Annotated Corpus Map

Annotated Corpus Map visualises, cluster, and annotates documents with keywords in two-dimensional projection.

Inputs

Corpus: A collection of documents to visualise.

Outputs

Selected Document: Documents selected from the plot
Corpus: Data with an additional column showing whether a document is selected and information about the cluster the document belongs to
Scores: Table with scores and p-values for each keyword averaged per cluster

The Annotated Corpus Map widget provides a 2-dimensional scatter plot visualization of the document. The documents are displayed as a collection of points, each having the value of the x-axis attribute determining the position on the horizontal axis and the value of the y-axis attribute determining the position on the vertical axis. Widget clusters documents according to annotation settings and assigns keywords to each cluster. Keywords are extracted with the TF-IDF method.

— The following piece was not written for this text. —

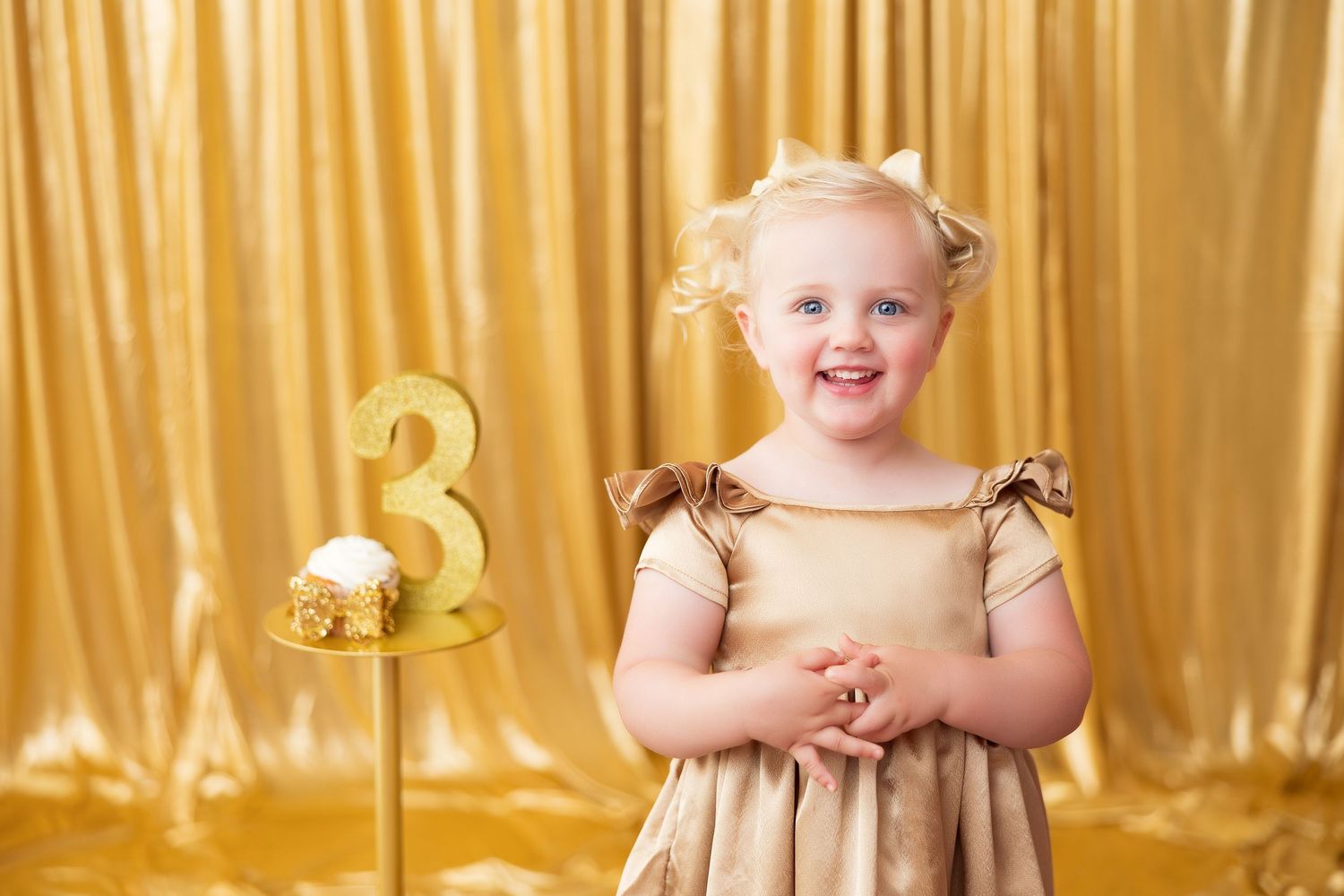 Two children in matching outfits laugh while standing in front of a gold curtain backdrop during a festive celebration.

Axis X and Axis Y let you select attributes you will show in the widget. We suggest using the t-SNE widget before Annotator and selecting t-SNE-x and t-SNE-y as x and y attributes.
Annotation: Select the method to identify clusters:
- DBSCAN clustering: Set epsilon, the maximum distance between two samples for one to be considered as in the neighbourhood of the other and those clustered together. Unchecking epsilon will instruct the widget to set epsilon automatically.
- Gaussian mixture models: Select the number of desired clusters. Unchecking clusters will instruct the widget to set the numbers of clusters automatically.
- From variable clusters documents according to a selected categorical variable.
FDR Threshold sets the threshold for selecting a keyword as a cluster's keyword. Keywords with corrected p-value (FDR) from the hypergeometric test lower than the threshold are selected.
Attributes: Set the colour of the displayed points (you will get colours for categorical values and blue-green-yellow points for numeric). Set label, shape and size to differentiate between points. Label only selected points allows you to select individual data instances and label only those.
Set symbol size and opacity for all data points. Set jittering to prevent the dots from overlapping. Jittering will randomly scatter points only around categorical values. Cluster labels define how many keywords per cluster widget will show.
Set additional plot settings:
- Show legend displays a legend. Click and drag the legend to move it.
- Show cluster hull displays the concave hull around clusters.
- Color points by cluster colours documents (points) with cluster specific color. When this option is checked setting color in box 2 is disabled.
Select, zoom, pan and zoom to fit are the options for exploring the graph. The manual selection of data instances works as an angular/square selection tool. Double-click to move the projection. Scroll in or out for zoom.
Plot with each point presenting documents. Documents are clustered according to the settings above, and clusters are marked with a hull. Over each cluster, the widget places the list of the most significant keywords. Hovering over the cluster labels displays a tooltip with scores and up to ten characteristic words.
Changes are communicated automatically if Send automatically is ticked. Alternatively, press Send.
Get help, save the plot, add the plot to the report, set visual settings and get input and output information.

Example

Document maps can be enhanced with keyword annotations. This workflow embeds documents in vector space, computes and annotates a t-SNE document map. The Annotator widget identifies clusters on the map and annotates them with keywords representing a cluster.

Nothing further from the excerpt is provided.